If your group struggles with the conceptual and needs to approach things in a concrete way, let them start by brainstorming tactical ideas and come up with as exhaustive a list as possible. Then work together to group these ideas into themes, and let those themes drive the strategic goals you adopt.
Ground it in Reality
When I begin organizing an SEP, I often start with the idea of the ‘Iron Triangle of Enrollment.’ This is a concept which says that an institution must prioritize its efforts between enrollment growth, revenue growth, and academic quality, or the three will work against each other. This is a good place to start the conversation so that your planning process does not become a laundry list of unrealistic expectations. The institution will have to make hard choices about where to focus limited energy.
There is also a strange power dynamic at the top. If you include one vice president you have to invite them all. If you have a table full of vice presidents, it will change the power dynamic and a lot of other good contributors will be too intimidated to talk.

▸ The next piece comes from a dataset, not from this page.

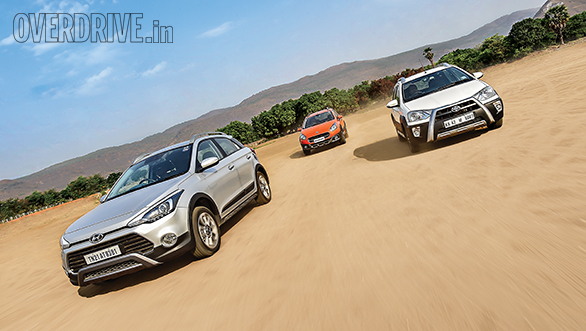Comparison: Hyundai i20 Active SX vs Fiat Avventura Emotion vs Toyota Etios Cross VD Comparison: Hyundai i20 Active SX vs Fiat Avventura Emotion vs Toyota Etios Cross VD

It is also critical to allow those areas that will be most impacted by the SEP to have the loudest voice, or at least to be well heard. If your enrollment team, for example, feels like goals were set for them with little input, they will not internalize them, nor are they likely to reach them. You may also miss out on important pieces of data if those closest to the action don’t feel like they can share it.
Choose a Practical Format
Now you are ready to start putting your plan on paper, but you need to decide how you will present it. Let’s be honest: A really long and involved plan with scores of pages, appendices, and charts and graphs looks impressive when it is unveiled, but that may be the last time it is read. The longer you make it, the more difficult it will be for your campus community to remember what is in it and the less often it will be referenced. Some of your colleagues may love a huge narrative report, but others will digest things better if they are visual and not too dense.
If you can get support for it, choose a shorter, more visual framework. If you use narrative, keep it all to the front or back as a summary and just bullet or highlight in the main document. My advice is to start with a visual – like a diagram or flowchart of how the pieces fit together. This will be the easiest to present to others as you are introducing it. You can then expand it to more detailed or narrative versions as needed, but you will always have the simplest version that you started with to go back to for easy reference. A simple document like this is something everyone in your campus community can access to remember the goals and their part in them.
What I’ve Learned
This spring, I began the planning for my fourth strategic enrollment plan. I believe in each of my previous plans, I have kept my vow that I would do things differently than what I inherited. Each time, I have refined my process to make the plan more accessible, more nimble, and more measurable. I am happy to say that these plans have been effective in getting strong enrollment results at three different institutions.
If you have been tasked to develop a strategic enrollment plan, or been tapped to be a key player in the process, embrace it. Apply these lessons learned to make the most of your experience. It is an acquired taste, for sure, but you may find you grow to love the process, like I have and want to pass it on.